Allah -Tabaroka wa Ta’ala- berfirman saat menyifati kaum kafir,
الَّذِينَ
يَسْتَحِبُّونَ الْحَيَاةَ الدُّنْيَا عَلَى الْآخِرَةِ وَيَصُدُّونَ عَنْ
سَبِيلِ اللَّهِ وَيَبْغُونَهَا عِوَجًا أُولَئِكَ فِي ضَلَالٍ بَعِيدٍ
[إبراهيم : 3]
“(yaitu) orang-orang yang
lebih menyukai kehidupan dunia dari pada kehidupan akhirat, dan
menghalang-halangi (manusia) dari jalan Allah dan menginginkan agar
jalan Allah itu bengkok.
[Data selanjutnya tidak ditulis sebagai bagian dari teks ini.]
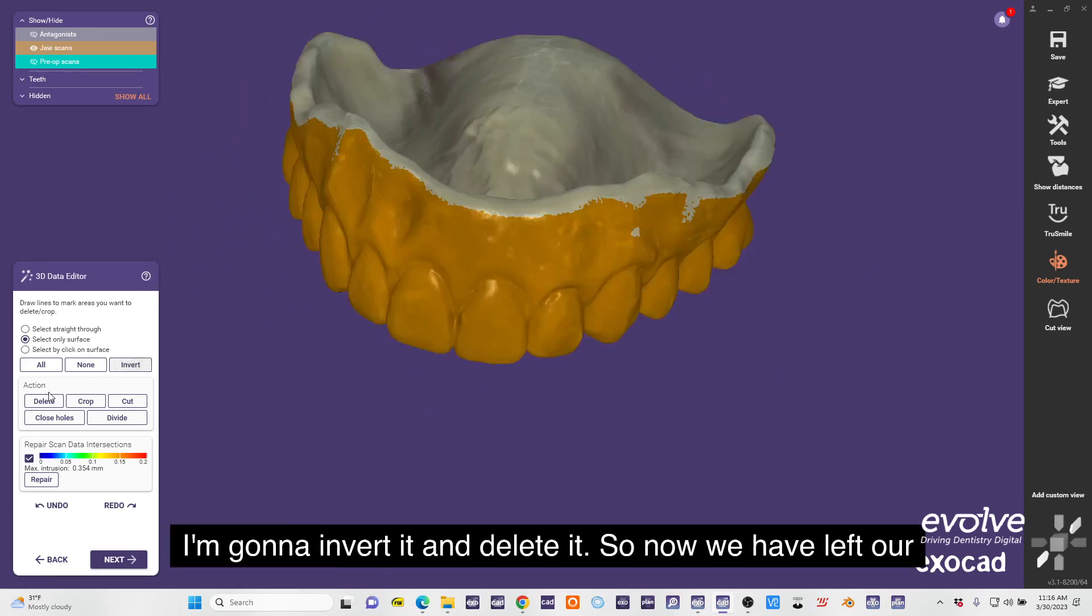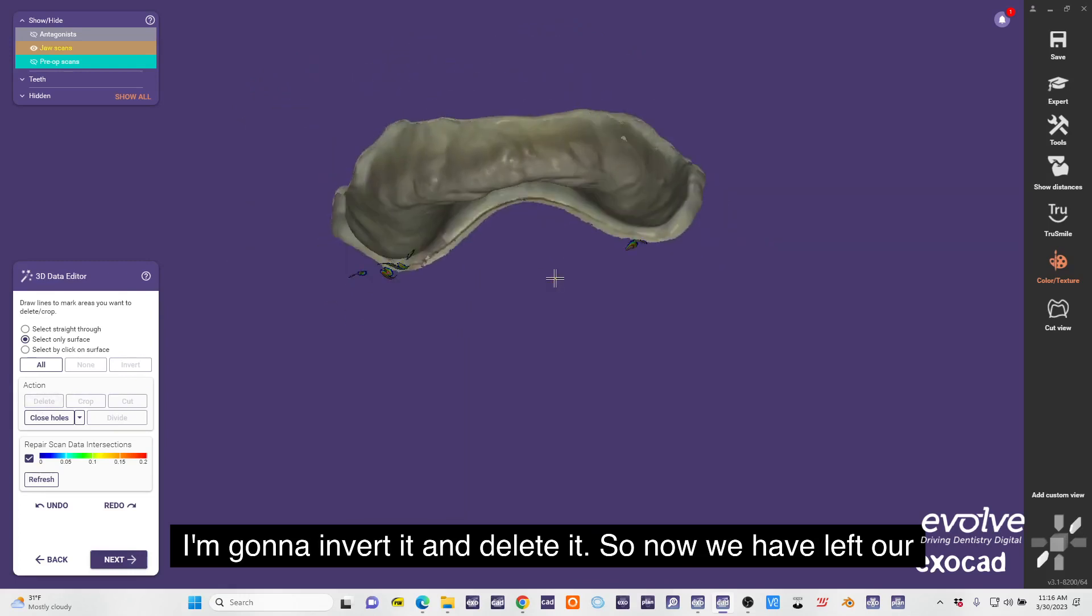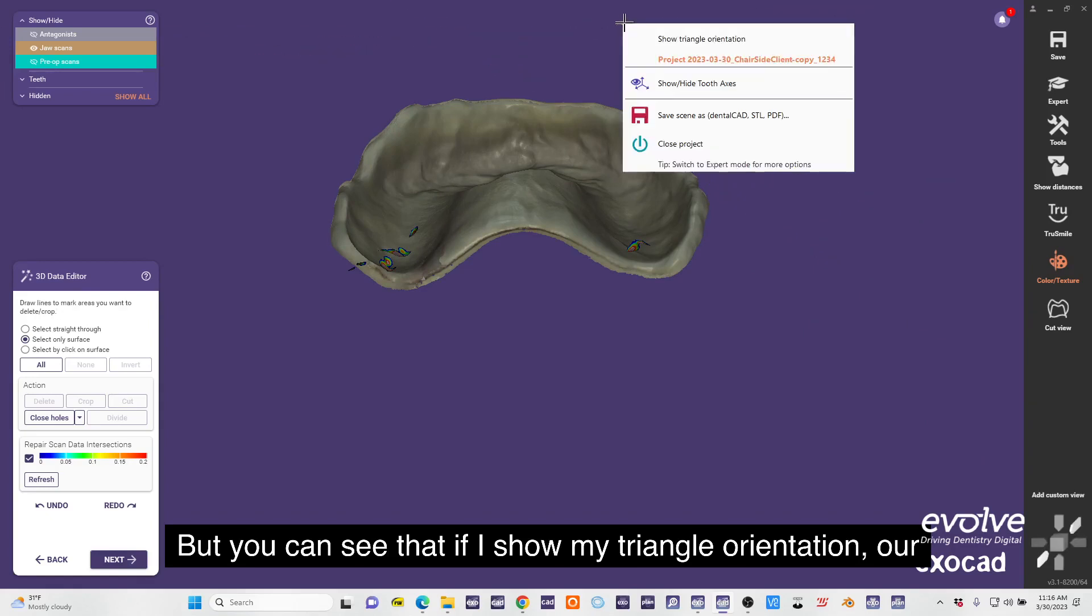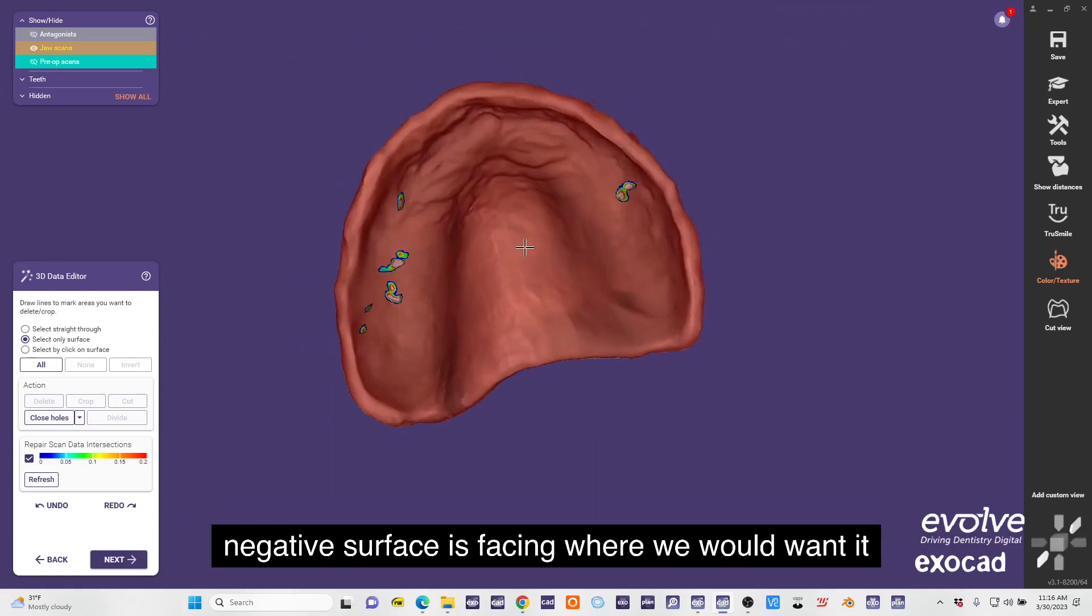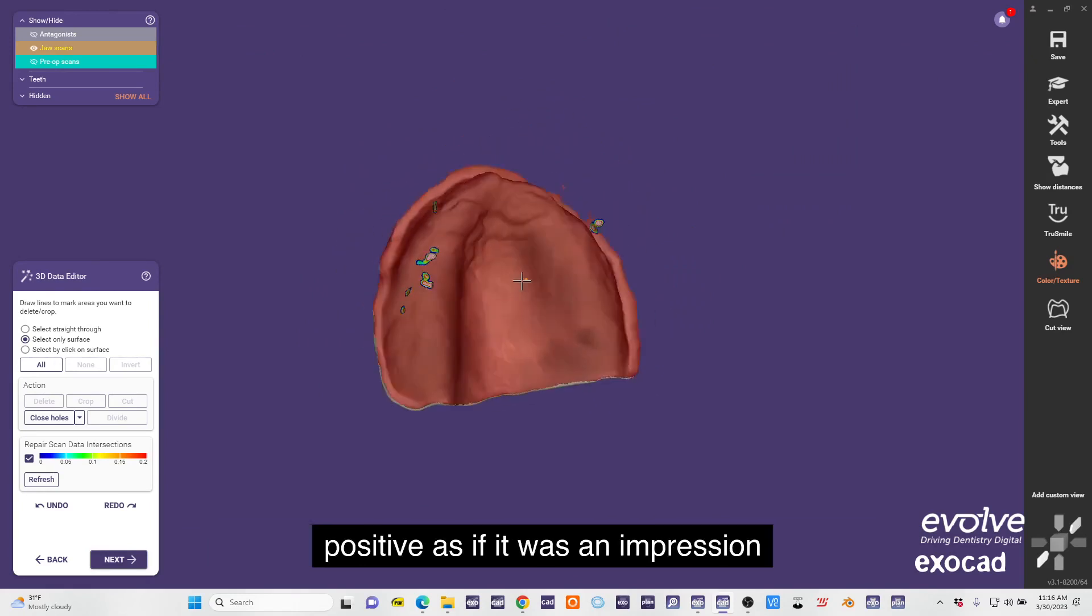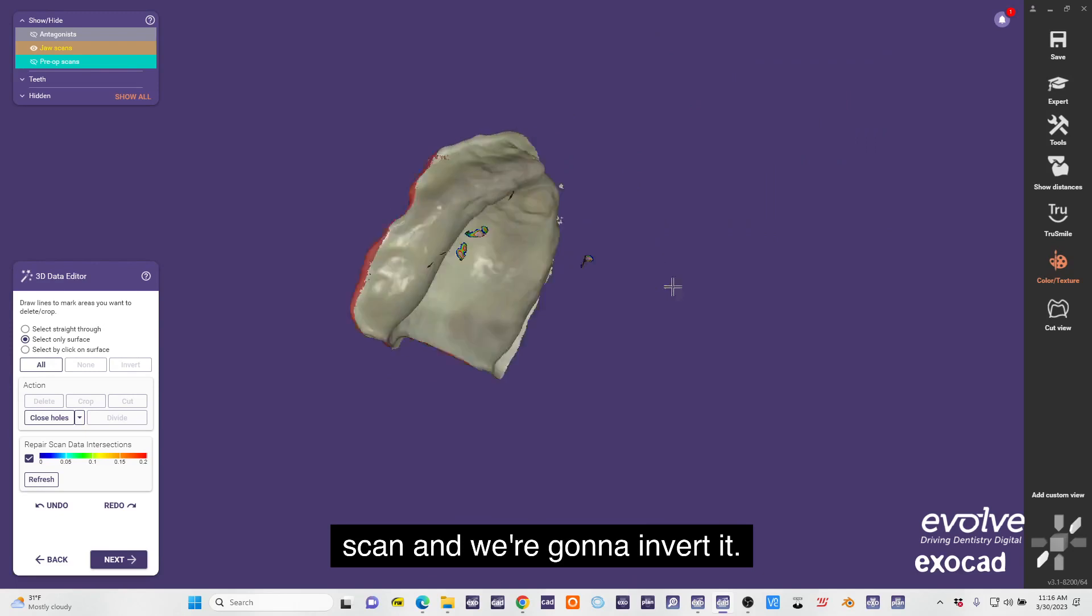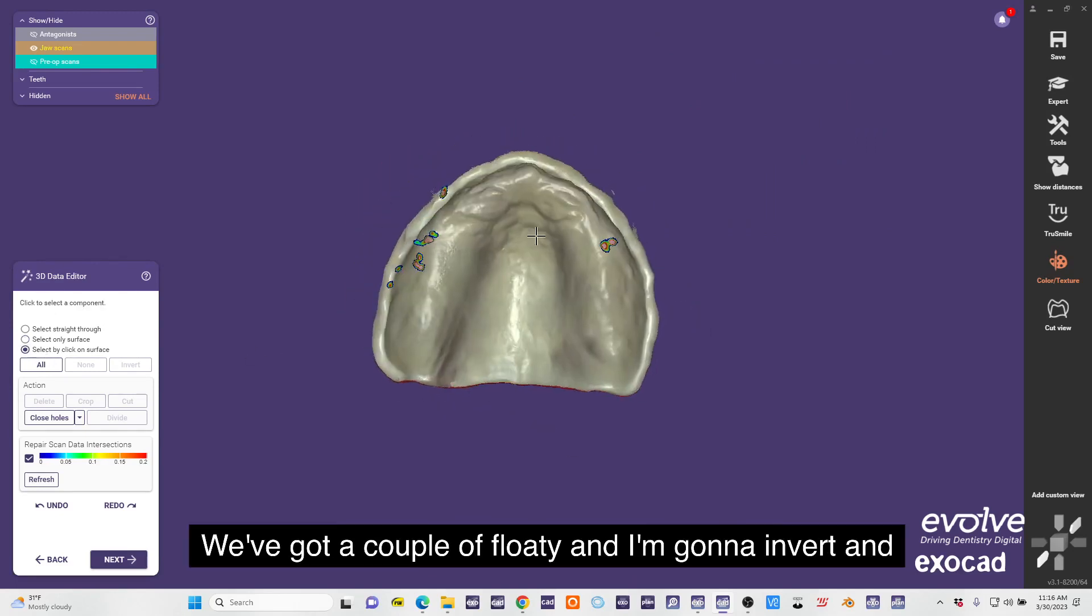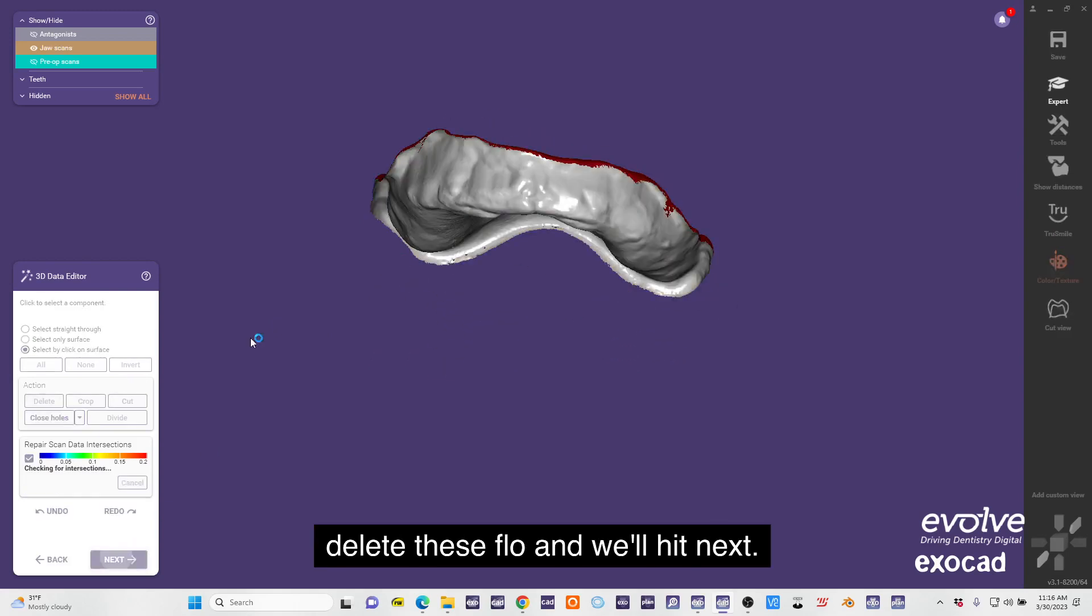I'm going to invert it and delete it, so now we have left our intaglio just like before the model. But you can see that if I show my triangle orientation, our negative surface is facing where we would want it positive, as if it was an impression scan. We're going to invert it so now that's kind of like a model. We've got a couple floaties and I'm going to invert and delete these floaties and we'll hit next.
Mereka itu berada dalam kesesatan yang jauh”.
Penghulu ahli tafsir, Abdullah bin Abbas -radhiyallahu anhu- berkata,
يأخذون ما تعجل لهم منها تهاونا بأمر الآخرة
“Mereka (kaum kafir) mengambil
sesuatu disegerakan bagi mereka dari kehidupan dunia, karena sikap
peremehan mereka terhadap urusan akhirat”. [Lihat Zadul Masir (4/345),
oleh Ibnul Jawziy, cet. Al-Maktab Al-Islamiy, 1404 H]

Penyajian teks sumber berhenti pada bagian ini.